Yes, good call! You can batch up multiple operations into a single call to fsync. You can also tune the number of milliseconds or bytes you're willing to buffer before calling `fsync` to balance latency and throughput. This is how databases like Postgres work by default--see the `commit_delay` option here: https://www.postgresql.org/docs/8.1/runtime-config-wal.html

▲

to11mtm 2 hours ago | parent [-]

> This is how databases like Postgres work by default--see the `commit_delay` option here: https://www.postgresql.org/docs/8.1/runtime-config-wal.html

I must note that the default for Postgres is that there is NO delay, which is a sane default.

> You can batch up multiple operations into a single call to fsync.

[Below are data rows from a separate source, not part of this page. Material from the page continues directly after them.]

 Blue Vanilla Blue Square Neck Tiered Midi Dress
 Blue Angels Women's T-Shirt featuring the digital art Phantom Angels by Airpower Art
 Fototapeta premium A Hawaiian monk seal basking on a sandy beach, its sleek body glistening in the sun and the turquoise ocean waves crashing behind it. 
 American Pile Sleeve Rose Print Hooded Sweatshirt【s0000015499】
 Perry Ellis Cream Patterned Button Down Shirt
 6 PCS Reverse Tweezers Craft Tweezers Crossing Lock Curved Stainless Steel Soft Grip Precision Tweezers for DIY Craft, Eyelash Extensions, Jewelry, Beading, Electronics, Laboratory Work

Ive done this in various messaging implementations for throughput, and it's actually fairly easy to do in most languages;

Basically, set up 1-N writers (depends on how you are storing data really) that takes a set of items containing the data to be written alongside a TaskCompletionSource (Promise in Java terms), when your stuff wants to write it shoots it to that local queue, the worker(s) on the queue will write out messages in batches based on whatever else (i.e. tuned for write size, number of records, etc for both throughput and guaranteeing forward progress,) and then when the write completes you either complete or fail the TCS/Promise.

If you've got the right 'glue' with your language/libraries it's not that hard; this example [0] from Akka.NET's SQL persistence layer shows how simple the actual write processor's logic can be... Yeah you have to think about queueing a little bit however I've found this basic pattern very adaptable (i.e. queueing op can just send a bunch of ready-to-go-bytes and you work off that for threshold instead, add framing if needed, etc.)

[0] https://github.com/akkadotnet/Akka.Persistence.Sql/blob/7bab...

▲

aphyr 2 hours ago | parent [-]

Ah, pardon me, spoke too quickly! I remembered that it fsynced by default, and offered batching, and forgot that the batch size is 0 by default. My bad!

	▲	to11mtm 2 hours ago \| parent [-]
		Well the write is still tunable so you are still correct. Just wanted to clarify that the default is still at least safe in case people perusing this for things to worry about, well, were thinking about worrying. Love all of your work and writings, thank you for all you do!

▲

senderista an hour ago | parent | prev [-]

In practice, there must be a delay (from batching) if you fsync every transaction before acknowledging commit. The database would be unusably slow otherwise.